Basic sanity check that the import has gone well:

str(gDat)

## 'data.frame':    1704 obs. of  6 variables:
##  $ country  : Factor w/ 142 levels "Afghanistan",..: 1 1 1 1 1 1 1 1 1 1 ..
##  $ year     : int  1952 1957 1962 1967 1972 1977 1982 1987 1992 1997 ...
##  $ pop      : num  8425333 9240934 10267083 11537966 13079460 ...
##  $ continent: Factor w/ 5 levels "Africa","Americas",..: 3 3 3 3 3 3 3 3 ..
##  $ lifeExp  : num  28.8 30.3 32 34 36.1 ...
##  $ gdpPercap: num  779 821 853 836 740 ...
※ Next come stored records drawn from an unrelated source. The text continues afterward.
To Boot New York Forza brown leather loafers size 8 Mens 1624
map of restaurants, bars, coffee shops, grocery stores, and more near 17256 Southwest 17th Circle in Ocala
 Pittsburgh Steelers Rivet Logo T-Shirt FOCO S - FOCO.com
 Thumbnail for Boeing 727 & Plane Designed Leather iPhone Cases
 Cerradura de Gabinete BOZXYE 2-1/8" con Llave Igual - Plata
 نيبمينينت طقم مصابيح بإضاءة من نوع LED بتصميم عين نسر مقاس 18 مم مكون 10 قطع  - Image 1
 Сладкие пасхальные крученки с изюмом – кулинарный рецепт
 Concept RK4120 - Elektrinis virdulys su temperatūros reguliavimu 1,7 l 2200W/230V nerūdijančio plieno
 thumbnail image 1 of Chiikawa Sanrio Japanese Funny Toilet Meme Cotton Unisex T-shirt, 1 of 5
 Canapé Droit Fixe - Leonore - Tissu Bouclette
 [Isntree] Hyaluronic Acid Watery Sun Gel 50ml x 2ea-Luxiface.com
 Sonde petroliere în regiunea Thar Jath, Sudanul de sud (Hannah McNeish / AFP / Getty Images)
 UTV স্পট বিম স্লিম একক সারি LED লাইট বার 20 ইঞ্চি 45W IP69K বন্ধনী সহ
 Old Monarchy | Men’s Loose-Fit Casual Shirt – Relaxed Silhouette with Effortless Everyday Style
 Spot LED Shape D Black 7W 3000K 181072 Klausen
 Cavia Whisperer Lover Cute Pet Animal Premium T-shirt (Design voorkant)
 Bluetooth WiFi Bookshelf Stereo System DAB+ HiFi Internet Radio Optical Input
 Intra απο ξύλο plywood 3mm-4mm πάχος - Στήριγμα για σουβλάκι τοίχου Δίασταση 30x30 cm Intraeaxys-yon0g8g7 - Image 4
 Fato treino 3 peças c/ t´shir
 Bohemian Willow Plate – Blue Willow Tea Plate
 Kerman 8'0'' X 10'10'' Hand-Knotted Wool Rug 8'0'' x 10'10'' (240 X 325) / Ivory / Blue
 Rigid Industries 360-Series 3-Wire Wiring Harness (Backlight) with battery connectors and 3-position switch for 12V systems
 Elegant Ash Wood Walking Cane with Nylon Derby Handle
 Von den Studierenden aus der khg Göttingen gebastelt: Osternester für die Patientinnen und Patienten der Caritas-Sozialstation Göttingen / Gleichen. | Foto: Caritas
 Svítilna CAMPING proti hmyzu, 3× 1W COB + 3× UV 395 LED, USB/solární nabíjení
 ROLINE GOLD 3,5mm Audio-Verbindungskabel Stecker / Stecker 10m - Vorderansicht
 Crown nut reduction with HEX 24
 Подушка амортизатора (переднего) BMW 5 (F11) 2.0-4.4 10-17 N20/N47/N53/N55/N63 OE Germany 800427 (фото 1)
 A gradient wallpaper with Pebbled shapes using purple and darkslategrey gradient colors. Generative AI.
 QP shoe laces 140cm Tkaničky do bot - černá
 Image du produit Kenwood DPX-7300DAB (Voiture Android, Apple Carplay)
Drop Oceania, which only has two countries

## drop Oceania
jDat <- droplevels(subset(gDat, continent != "Oceania"))
str(jDat)

## 'data.frame':    1680 obs. of  6 variables:
##  $ country  : Factor w/ 140 levels "Afghanistan",..: 1 1 1 1 1 1 1 1 1 1 ..
##  $ year     : int  1952 1957 1962 1967 1972 1977 1982 1987 1992 1997 ...
##  $ pop      : num  8425333 9240934 10267083 11537966 13079460 ...
##  $ continent: Factor w/ 4 levels "Africa","Americas",..: 3 3 3 3 3 3 3 3 ..
##  $ lifeExp  : num  28.8 30.3 32 34 36.1 ...
##  $ gdpPercap: num  779 821 853 836 740 ...

Load the lattice package.

library(lattice)

Show me the data with `xyplot()`

Get a scatterplot with xyplot(). Background grids are nice. In addition to grid = TRUE, grid = "h" and grid = "v" are other useful shortcuts.

xyplot(lifeExp ~ gdpPercap, jDat)
xyplot(lifeExp ~ gdpPercap, jDat,
       grid = TRUE)

Clearly we need to log transform the horizontal axis, i.e. the one for GDP per capita. You can take the logarithm directly in the formula, but it's sub-optimal due to the axis tick labels, which are not so easy to read. It's better to request the log transform via the scales = argument.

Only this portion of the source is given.